But most definitely kicking all other contenders in the ass would have to be, 

Red Dwarf!!!!!


----------



## alexhurry (Jun 30, 2005)

Alysheba said:
			
		

> A lot of my friends love "The Simpsons". Me, I never did. Don't know quite why. It's weird being the only one in a group that doesn't like them.


 
It's wierd not liking it, period.


----------



## dwndrgn (Jun 30, 2005)

littlemissattitude said:
			
		

> How could I have forgotten Joan of Arcadia? I love that show and I'm not happy that it was cancelled.
> 
> And just a word about Emergency: I never did like that show, but since my parents always watched it, I saw it a lot of the time. The only time I was glad was the the episode where someone asked DeSoto which high school he graduated from. I laughed my butt off when he said "Norwalk High", since that's the school I graduated from.
> 
> I did always like M*A*S*H. But that's my pattern, I guess...I generally only like sit-coms that make me cry as much as they make me laugh. Liked the later episodes better than the earlier ones, once they got rid of Trapper John, who I never liked, and then Ferret Face (can't remember the character's name right now).


Ferret Face is Frank Burns
I watched Emergency and Adam 12 because that's what mom watched.
I can't believe I didn't add Fawlty Towers and Black Adder and Red Dwarf either...


----------



## jenna (Jul 2, 2005)

my top 5 faves of all time:

1. The Simpsons
2. Blakes 7
3. Buffy/Angel (yeah, i cheat by adding them together so i can fit 6 shows in my top 5!!)
4. Jeremiah
5. 24

new shows waiting in the wings trying to talk their way into the top 5:

Lost 
House (Dr House is a sexy bitch....)

other faves:

Dr Who new series
The Amazing Race (especially this season. Rob and Amber are the best team ever!!)
Red Dwarf
Desperate Houswives 
Fastlane
The OC (i know, totally lame, but i love it! not as good as 90210 though)
Bev Hills 90210 (was my fave when i was young!)

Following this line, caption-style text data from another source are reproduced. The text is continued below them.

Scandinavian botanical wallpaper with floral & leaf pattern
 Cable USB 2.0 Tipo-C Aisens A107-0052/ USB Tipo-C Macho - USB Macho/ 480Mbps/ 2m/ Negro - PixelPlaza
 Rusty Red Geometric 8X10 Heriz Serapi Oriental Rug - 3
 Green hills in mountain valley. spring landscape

but i'll pretty much watch anything, i love tv   especially doco's, and ESPECIALLY history docos.


----------



## Calis (Jul 2, 2005)

jenna said:
			
		

> The OC (i know, totally lame, but i love it! not as good as 90210 though)
> Bev Hills 90210 (was my fave when i was young!)



oh boy. I'll call 000


----------



## jenna (Jul 2, 2005)

lol i know! but lame shows are good too. like lame movies can be just as good or even better than the good ones!


----------



## Calis (Jul 2, 2005)

so where is Baywatch, Big Brother, and The Nanny on your list?


----------



## jenna (Jul 2, 2005)

Baywatch is boring. i'll admit to watching Big Brother, but mostly because i have a huge crush on Dean  and often it's the only thing on late night, especially at the moment with the bloody tennis and cricket  grrr (getting foxtel switched on again in like 4 days, so won't be a problem much longer). The Nanny is one of those shows i'll watch if it's on like Seinfeld etc. 
OMG i totally forgot to add Oprah and Dr Phil!!!


----------



## Calis (Jul 2, 2005)

you scare me.

FYI Cricket and Tennis is on Foxtel at the moment as well.

Big Brother sucks.


----------



## GOLLUM (Jul 2, 2005)

Calis said:
			
		

> Big Brother sucks.


Interesting choice of words...


----------



## Calis (Jul 2, 2005)

lol, true.

If i expressed my true feelings I would be banned big time.


----------



## Culhwch (Jul 5, 2005)

Is any one else amazed it comes back year after year? Who's watching it? Who could possibly find it interesting? I wish Channel Nine had picked it up at the start, it'd have been given the chop after two nights. But Ten will show anything, I suppose....


----------



## Calis (Jul 5, 2005)

I think ratings are dropping.

It seems that the reality crase has dropped off as well as those DIY shows, backyard blitz etc.
Get rid of Idol and its easy street.


----------



## Brittney (Jul 21, 2005)

"Smallville"
"Everwood"
"ER"
"King of the Hill"
"Full House"
"Sister; Sister"
"Once & Again"


----------



## jenna (Jul 22, 2005)

oh yeah, i totally forgot to add QUANTUM LEAP to my list! i freaking love that show!


----------



## Quokka (Jul 22, 2005)

Buffy, Blackadder, Scrubs (not that I can see it now im back in Oz  ), American Chopper, MASH, Cheers, Monkey, Distraction (with Jimmy Carr), Law & Order: SVU, Sienfeld, That 70's show, The Big Gig, The first few seasons of Scrapeheap Challange and pretty much any sience/space doco.....hmm pretty heavy on the comedy


----------



## jnr_turtle (Jul 22, 2005)

Seinfeld and Simpsons will forever be classics for me =)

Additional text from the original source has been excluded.